An innovative 'telehealth' system is currently being piloted in two care homes in Lincolnshire with a view to rolling it out elsewhere.
A new pilot scheme could radically improve care for elderly people in the county.A new pilot scheme could radically improve care for elderly people in the county.
A new pilot scheme could radically improve care for elderly people in the county.

Staff at two homes south of Lincoln use the Whzan multi-patient system to monitor the health status of residents and request a visit from the Home Health Team (HHT) if required.

The Whzan system contains a blood pressure monitor, thermometer and pulse oximeter to check oxygen levels. The readings are relayed to a tablet PC which talks back to the cloud clinical portal and generates a National Early Warning Score (NEWS).

The NEWS indicates severity and is a concrete observation that can then be relayed with confidence to the HHT or other medical professionals.

Maria Matemadombo, Complex Case Manager with the Home Health Team said: “Whzan has given carers a real sense of pride and purpose in collecting observations and it is having benefits for the residents too.

“Care workers feel empowered and can now request a visit backed up with really good objective information based on current levels of observation where they can see either a deterioration or an improvement in symptoms.

“Previously they would be seeking help from medical professionals based only on a resident’s feedback or their own observation that someone wasn’t looking well.”

Whzan is already said to be proving popular with staff and residents involved, according to the Lincolnshire Community Health Services Trust, and is fulfilling its objectives to improve residents’ lives, empower care workers and make savings in resources.

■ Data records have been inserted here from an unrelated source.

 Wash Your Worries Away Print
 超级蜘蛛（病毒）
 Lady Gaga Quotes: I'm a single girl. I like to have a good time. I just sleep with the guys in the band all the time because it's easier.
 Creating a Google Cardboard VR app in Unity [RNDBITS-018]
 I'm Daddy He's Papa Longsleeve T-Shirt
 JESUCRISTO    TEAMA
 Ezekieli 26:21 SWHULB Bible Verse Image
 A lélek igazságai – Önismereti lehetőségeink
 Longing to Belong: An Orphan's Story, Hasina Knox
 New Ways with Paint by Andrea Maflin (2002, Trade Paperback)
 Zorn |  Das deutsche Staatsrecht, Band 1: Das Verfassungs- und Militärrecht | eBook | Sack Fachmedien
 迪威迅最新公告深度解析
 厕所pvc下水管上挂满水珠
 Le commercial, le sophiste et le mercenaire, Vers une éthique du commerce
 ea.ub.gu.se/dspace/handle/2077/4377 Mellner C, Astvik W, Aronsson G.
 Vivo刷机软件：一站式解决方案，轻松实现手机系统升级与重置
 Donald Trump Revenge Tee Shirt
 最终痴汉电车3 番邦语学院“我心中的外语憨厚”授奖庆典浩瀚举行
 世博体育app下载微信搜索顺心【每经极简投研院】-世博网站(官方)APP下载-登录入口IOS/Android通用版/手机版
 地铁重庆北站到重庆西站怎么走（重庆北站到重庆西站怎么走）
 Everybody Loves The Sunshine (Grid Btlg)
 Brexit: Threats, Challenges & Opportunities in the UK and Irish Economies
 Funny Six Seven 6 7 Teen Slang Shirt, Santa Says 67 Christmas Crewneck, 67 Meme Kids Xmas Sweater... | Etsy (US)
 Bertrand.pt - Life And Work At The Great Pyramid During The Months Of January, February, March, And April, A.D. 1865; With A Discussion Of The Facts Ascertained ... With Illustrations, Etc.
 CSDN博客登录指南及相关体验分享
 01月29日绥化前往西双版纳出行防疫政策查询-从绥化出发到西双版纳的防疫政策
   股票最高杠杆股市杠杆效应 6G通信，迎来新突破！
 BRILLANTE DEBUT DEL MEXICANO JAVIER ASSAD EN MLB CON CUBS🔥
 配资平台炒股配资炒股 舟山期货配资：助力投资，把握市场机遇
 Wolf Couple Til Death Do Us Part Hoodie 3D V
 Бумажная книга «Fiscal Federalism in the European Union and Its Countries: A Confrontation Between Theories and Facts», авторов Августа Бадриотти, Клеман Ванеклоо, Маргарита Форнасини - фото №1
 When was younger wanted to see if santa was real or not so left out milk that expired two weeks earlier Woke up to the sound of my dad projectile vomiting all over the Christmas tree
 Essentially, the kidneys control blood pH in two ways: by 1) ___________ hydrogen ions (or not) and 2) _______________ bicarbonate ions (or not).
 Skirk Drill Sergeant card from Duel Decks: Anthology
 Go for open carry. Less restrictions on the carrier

It is hoped significant reductions will be achieved across the board, including calls to the Home Health Care Home Team, 999 calls, A&E and emergency admissions. It is said not to be just about NHS savings, the reduction in emergency events frees resources and improves lifestyle in the homes. Patients’ lives, are of course, considerably improved.

As well as the straightforward clinical measurements Whzan provides, there are also a range of questionnaires and assessment tools including hydration tracking, falls risk assessment, falls logging, and wound care with photo history, to name just a few.

Care Home Manager, Rena Adam, said: “The Whzan is a fantastic bit of kit, this has, along with the Home Health Team, given the staff the confidence to be able to take observations and know exactly what to flag up dependent on the results. This has enabled us to react quicker on the whole providing a higher standard of care.

“On reviewing our audits last week, both hospital admissions and falls in the home have decreased considerably since using the service. If this was rolled out on a wider scale, I’m convinced it would dramatically reduce hospital admissions along with falls like it has here. I really can’t express what a fantastic job the Home Health Team do, along with the Whzan pilot.”

When the pilot concludes, the NHS hopes to secure funding to roll out the use of Whzan in care homes across the county.